Find the line containing "Mirage Pet Products" in the data below and repeat it, along with all later lines, exactly through the last one.

(ENTRIES SUPPLIED begins)

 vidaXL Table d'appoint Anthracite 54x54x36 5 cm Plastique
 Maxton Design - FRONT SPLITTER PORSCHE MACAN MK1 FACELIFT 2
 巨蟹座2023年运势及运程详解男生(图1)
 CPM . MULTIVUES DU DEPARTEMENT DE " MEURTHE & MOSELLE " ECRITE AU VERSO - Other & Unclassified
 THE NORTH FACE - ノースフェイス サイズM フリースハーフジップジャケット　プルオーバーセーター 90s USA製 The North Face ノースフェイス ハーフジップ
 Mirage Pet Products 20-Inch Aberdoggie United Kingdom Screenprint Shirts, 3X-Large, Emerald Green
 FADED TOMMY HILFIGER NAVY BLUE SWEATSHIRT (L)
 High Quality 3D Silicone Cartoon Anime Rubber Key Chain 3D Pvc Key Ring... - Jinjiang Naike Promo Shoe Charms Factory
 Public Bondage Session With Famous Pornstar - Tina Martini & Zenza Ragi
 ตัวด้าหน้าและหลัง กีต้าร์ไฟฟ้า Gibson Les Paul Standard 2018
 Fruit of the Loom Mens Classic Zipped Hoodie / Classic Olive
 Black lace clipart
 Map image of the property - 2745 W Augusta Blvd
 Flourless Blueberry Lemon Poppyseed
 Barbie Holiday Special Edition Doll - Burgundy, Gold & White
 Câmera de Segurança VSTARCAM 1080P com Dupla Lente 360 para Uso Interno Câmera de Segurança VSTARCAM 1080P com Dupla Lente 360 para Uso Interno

(ENTRIES SUPPLIED ends)

ANSWER TO THE EXERCISE:
 Mirage Pet Products 20-Inch Aberdoggie United Kingdom Screenprint Shirts, 3X-Large, Emerald Green
 FADED TOMMY HILFIGER NAVY BLUE SWEATSHIRT (L)
 High Quality 3D Silicone Cartoon Anime Rubber Key Chain 3D Pvc Key Ring... - Jinjiang Naike Promo Shoe Charms Factory
 Public Bondage Session With Famous Pornstar - Tina Martini & Zenza Ragi
 ตัวด้าหน้าและหลัง กีต้าร์ไฟฟ้า Gibson Les Paul Standard 2018
 Fruit of the Loom Mens Classic Zipped Hoodie / Classic Olive
 Black lace clipart
 Map image of the property - 2745 W Augusta Blvd
 Flourless Blueberry Lemon Poppyseed
 Barbie Holiday Special Edition Doll - Burgundy, Gold & White
 Câmera de Segurança VSTARCAM 1080P com Dupla Lente 360 para Uso Interno Câmera de Segurança VSTARCAM 1080P com Dupla Lente 360 para Uso Interno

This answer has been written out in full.